The administration also counts savings of $1 trillion over 10 years from the withdrawal of troops from Iraq and Afghanistan.
The deficit reduction plan represents an economic bookend to the $447 billion in tax cuts and new public works spending that Obama has proposed as a short-term measure to stimulate the economy and create jobs. He is submitting his deficit fighting plan to a special joint committee of Congress that is charged with recommending deficit reductions of up to $1.5 trillion over 10 years.
Republicans already were lining up against the president's tax proposal before they even knew the magnitude of what he intended to recommend.
"Class warfare may make for really good politics but it makes for rotten economics," Paul Ryan, chairman of the House Budget Committee, said Sunday in reaction to an Obama tax proposal to impose a minimum tax rate on wealthy filers.
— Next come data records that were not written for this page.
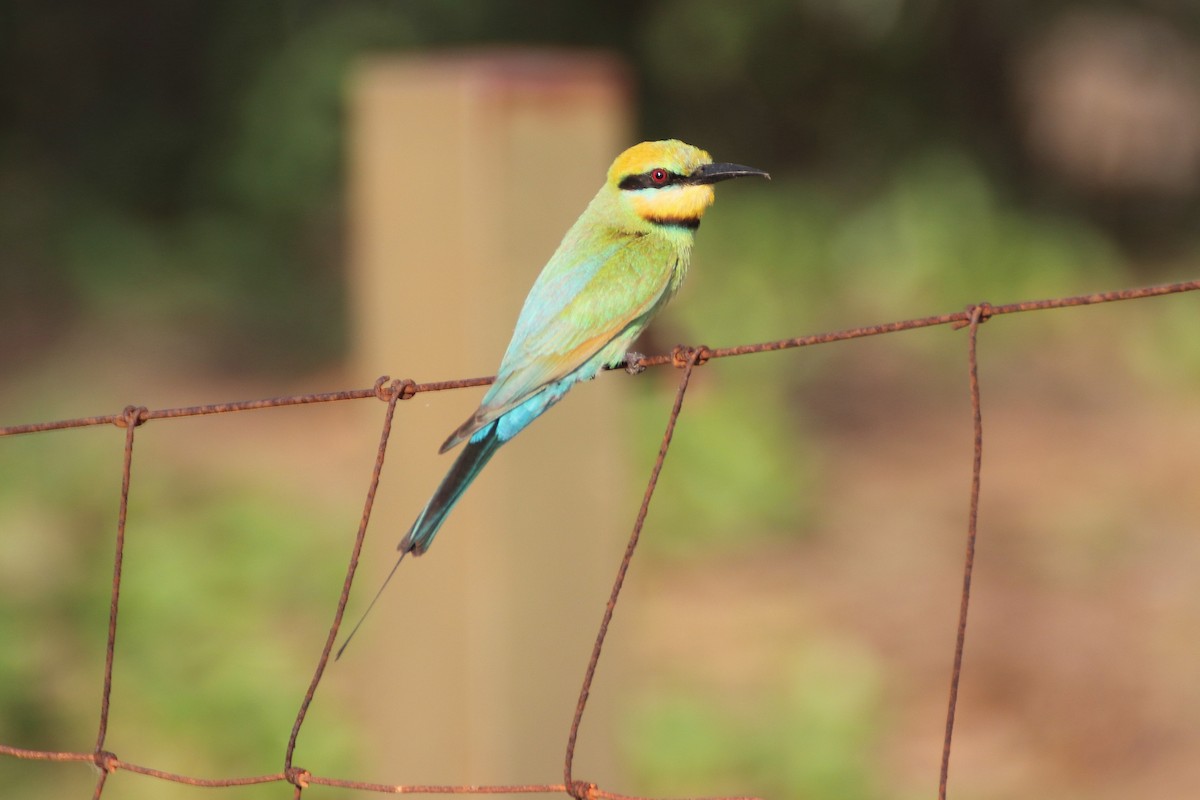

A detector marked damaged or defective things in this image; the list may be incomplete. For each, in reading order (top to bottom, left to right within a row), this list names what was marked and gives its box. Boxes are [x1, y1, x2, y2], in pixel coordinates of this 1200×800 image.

rusty metal wire [0, 277, 1195, 800]
rusty wire fence [2, 277, 1200, 800]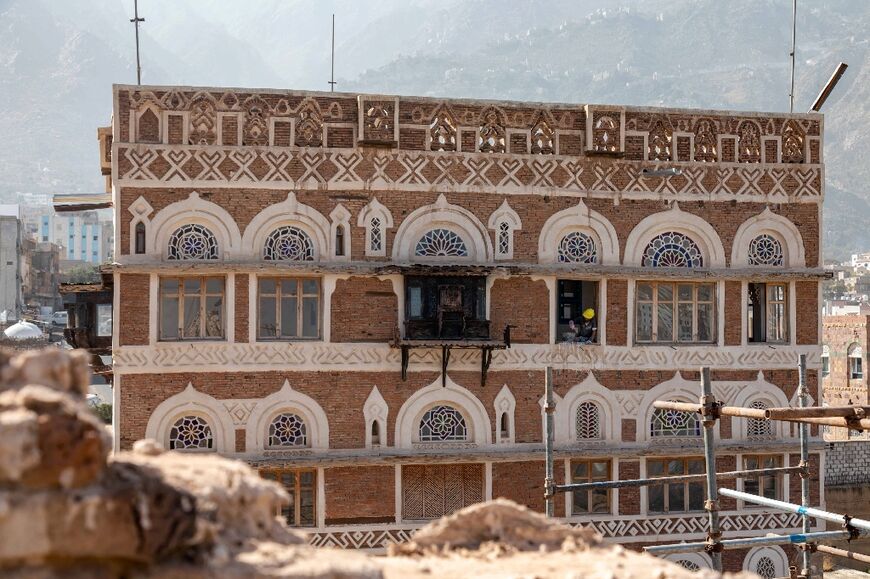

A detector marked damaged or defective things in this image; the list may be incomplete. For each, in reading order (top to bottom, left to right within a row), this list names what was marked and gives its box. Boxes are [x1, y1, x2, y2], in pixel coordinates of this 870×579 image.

burned balcony [394, 276, 510, 388]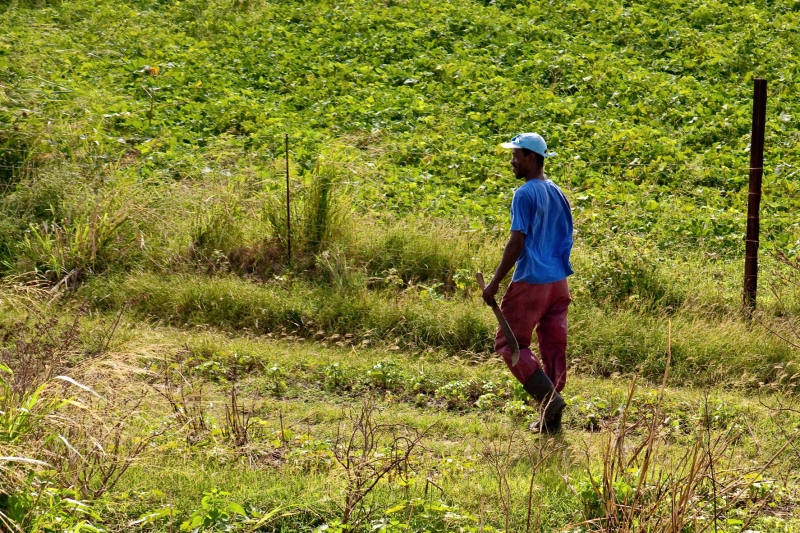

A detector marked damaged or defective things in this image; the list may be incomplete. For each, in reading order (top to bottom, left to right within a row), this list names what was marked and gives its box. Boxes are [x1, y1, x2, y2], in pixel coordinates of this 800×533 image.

rusty metal post [744, 79, 768, 312]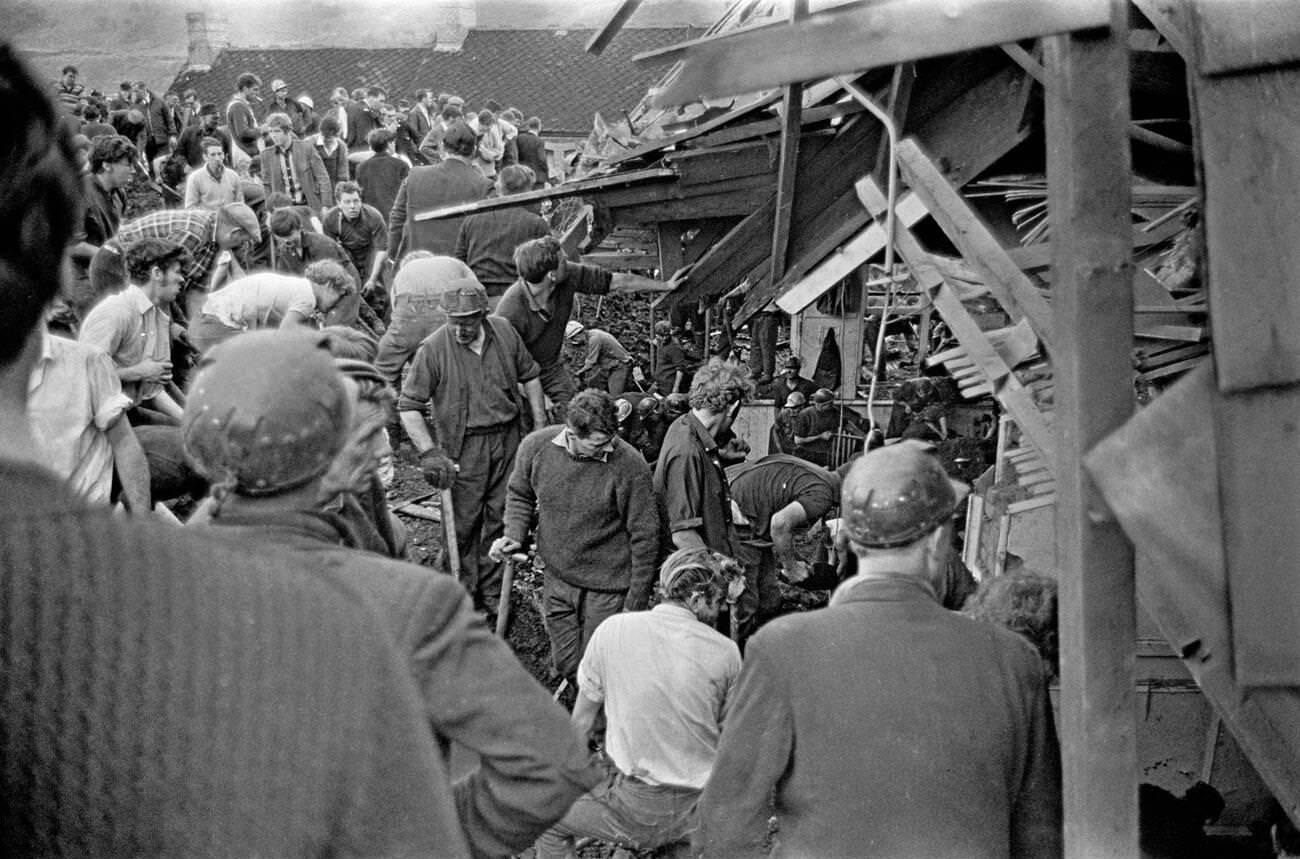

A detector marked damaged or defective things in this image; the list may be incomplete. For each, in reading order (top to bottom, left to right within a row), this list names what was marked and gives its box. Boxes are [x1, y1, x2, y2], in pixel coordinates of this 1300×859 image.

broken wooden plank [639, 0, 1107, 109]
broken wooden plank [899, 136, 1060, 348]
broken wooden plank [1040, 5, 1133, 852]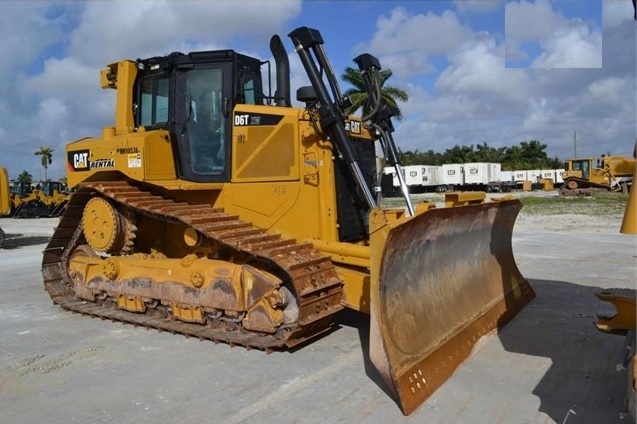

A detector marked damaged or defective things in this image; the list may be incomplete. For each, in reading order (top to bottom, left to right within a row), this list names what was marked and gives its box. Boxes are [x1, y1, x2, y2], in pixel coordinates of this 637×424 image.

rusty blade surface [368, 200, 536, 416]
Former President Bill Clinton dismissed on Monday Republican claims that the tax on the wealthy would discourage jobs creation and hamper economic growth.
"Republicans in Washington always say the same thing," Clinton said on NBC's "Today" show. He called their argument an insult to wealthy Americans, including many who don't mind paying more.
One of Obama's proposals would set a minimum tax on taxpayers making $1 million or more in income. Obama called the measure the "Buffett Rule" for billionaire investor Warren Buffett, who has spoken of the unfairness that he pays taxes at a lower rate than that paid by his secretary.
At issue is the difference between a taxpayer's tax bracket and the effective tax rate that taxpayer pays. Millionaires face a 35 percent tax bracket, while middle income filers fall in the 15 or 25 percent bracket. But investment income is taxed at 15 percent and Buffett has complained that he and other wealthy people have been "coddled long enough."